- Church: United Methodist Church
- In office: April 2005 – May 2017
- Other post: President of the United Methodist Council of Bishops (2012–2014)

Personal details
- Born: 1 July 1955 (age 70) Eppingen, Heilbronn, Baden-Württemberg
- Denomination: Methodism

= Rosemarie Wenner =

German Methodist bishop (born 1955)

Rosemarie Wenner (born July 1, 1955) is a German Methodist bishop. She was the Presiding Bishop of the United Methodist Church in Germany from April 2005 until May 2017.

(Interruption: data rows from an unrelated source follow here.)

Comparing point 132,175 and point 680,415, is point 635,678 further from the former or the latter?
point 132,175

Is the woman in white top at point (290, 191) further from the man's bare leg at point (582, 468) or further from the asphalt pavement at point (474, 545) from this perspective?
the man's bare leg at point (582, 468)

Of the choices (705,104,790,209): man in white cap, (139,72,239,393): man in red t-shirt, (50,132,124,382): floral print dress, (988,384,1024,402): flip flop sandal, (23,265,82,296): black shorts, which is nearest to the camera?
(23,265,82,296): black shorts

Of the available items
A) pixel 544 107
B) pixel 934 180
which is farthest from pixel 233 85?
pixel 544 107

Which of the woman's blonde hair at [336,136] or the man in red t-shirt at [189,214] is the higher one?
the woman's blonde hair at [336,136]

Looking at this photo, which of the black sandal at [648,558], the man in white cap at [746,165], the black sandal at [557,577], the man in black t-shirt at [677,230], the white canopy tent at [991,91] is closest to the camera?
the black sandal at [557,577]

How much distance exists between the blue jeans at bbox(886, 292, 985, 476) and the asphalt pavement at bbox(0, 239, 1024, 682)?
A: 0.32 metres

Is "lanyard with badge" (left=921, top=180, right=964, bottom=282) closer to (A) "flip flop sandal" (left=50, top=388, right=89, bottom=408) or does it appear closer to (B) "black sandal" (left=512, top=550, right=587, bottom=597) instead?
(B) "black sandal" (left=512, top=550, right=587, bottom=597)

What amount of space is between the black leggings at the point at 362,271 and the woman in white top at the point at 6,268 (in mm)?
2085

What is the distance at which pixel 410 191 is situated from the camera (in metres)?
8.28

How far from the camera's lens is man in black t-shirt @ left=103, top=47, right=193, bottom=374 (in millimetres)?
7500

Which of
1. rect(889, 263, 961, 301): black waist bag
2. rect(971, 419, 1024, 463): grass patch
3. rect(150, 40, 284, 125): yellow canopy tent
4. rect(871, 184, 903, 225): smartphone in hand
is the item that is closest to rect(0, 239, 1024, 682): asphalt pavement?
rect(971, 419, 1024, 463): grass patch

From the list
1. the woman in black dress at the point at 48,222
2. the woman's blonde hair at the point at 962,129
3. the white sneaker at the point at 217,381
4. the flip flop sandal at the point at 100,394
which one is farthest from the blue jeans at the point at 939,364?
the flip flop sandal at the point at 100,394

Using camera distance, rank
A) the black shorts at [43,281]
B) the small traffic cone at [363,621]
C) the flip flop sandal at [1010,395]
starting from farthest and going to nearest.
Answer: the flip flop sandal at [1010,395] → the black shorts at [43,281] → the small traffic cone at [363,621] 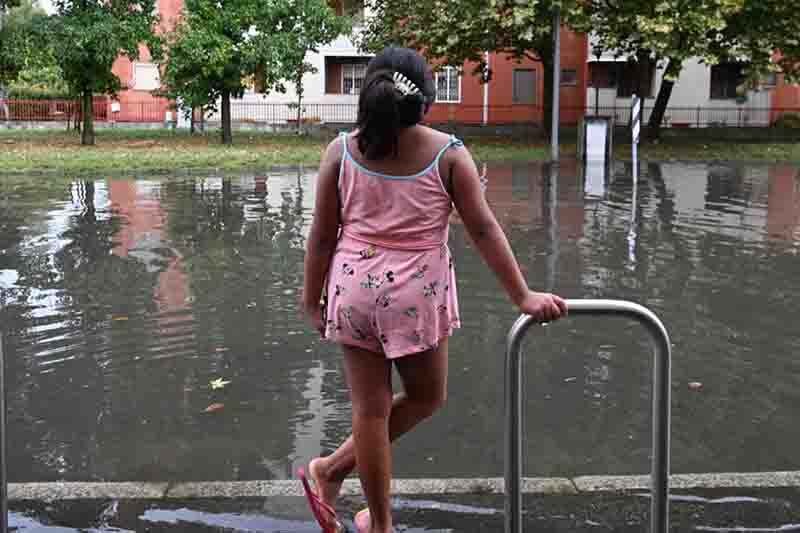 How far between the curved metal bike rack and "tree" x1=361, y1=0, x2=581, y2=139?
24197mm

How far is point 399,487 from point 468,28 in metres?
27.3

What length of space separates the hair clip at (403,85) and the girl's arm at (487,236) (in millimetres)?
244

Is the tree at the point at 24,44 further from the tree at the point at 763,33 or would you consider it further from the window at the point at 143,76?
the tree at the point at 763,33

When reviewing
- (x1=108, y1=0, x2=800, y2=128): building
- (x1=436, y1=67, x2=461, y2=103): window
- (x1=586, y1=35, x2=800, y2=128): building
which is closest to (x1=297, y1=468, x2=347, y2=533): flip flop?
(x1=108, y1=0, x2=800, y2=128): building

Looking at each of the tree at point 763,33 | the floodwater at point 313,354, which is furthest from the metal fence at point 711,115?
the floodwater at point 313,354

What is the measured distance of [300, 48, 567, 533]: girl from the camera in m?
3.43

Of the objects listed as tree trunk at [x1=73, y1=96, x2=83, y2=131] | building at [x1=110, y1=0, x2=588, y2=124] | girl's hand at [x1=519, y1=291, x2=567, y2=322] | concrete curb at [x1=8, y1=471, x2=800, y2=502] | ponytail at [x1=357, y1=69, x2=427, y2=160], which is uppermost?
building at [x1=110, y1=0, x2=588, y2=124]

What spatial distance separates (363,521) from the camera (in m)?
4.00

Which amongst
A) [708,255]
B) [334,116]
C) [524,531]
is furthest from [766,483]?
[334,116]

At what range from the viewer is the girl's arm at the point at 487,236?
3488 millimetres

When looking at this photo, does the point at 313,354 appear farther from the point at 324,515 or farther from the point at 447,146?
the point at 447,146

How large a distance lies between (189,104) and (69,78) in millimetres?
3825

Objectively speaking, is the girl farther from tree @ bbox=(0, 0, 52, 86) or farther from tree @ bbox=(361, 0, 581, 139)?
tree @ bbox=(0, 0, 52, 86)

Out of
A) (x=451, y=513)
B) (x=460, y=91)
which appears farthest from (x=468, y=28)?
(x=451, y=513) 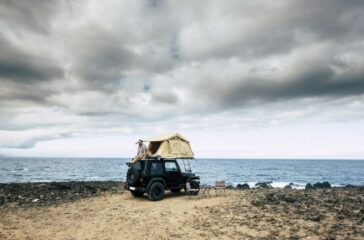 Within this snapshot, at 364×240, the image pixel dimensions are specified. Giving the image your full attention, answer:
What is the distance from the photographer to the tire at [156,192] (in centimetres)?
1566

Rosemarie Wenner studied in Reutlingen, Germany. After her ordination she worked in Karlsruhe-Durlach, Hockenheim and Darmstadt/Sprendlingen.

On April 1, 2005 Rosemarie Wenner was the first woman to be elected United Methodist bishop in Germany. She succeeded Dr. Walter Klaiber.

From 2012 to 2014 she was the president of the UMC Council of Bishops. She was the first woman from outside the United States to preside over the council.

Rosemarie Wenner is a member of the UMC Commission on a Way Forward that was tasked by the General Conference find a solution for the conflict on the disputed paragraphs in the UMC's Book of Discipline regarding homosexuality.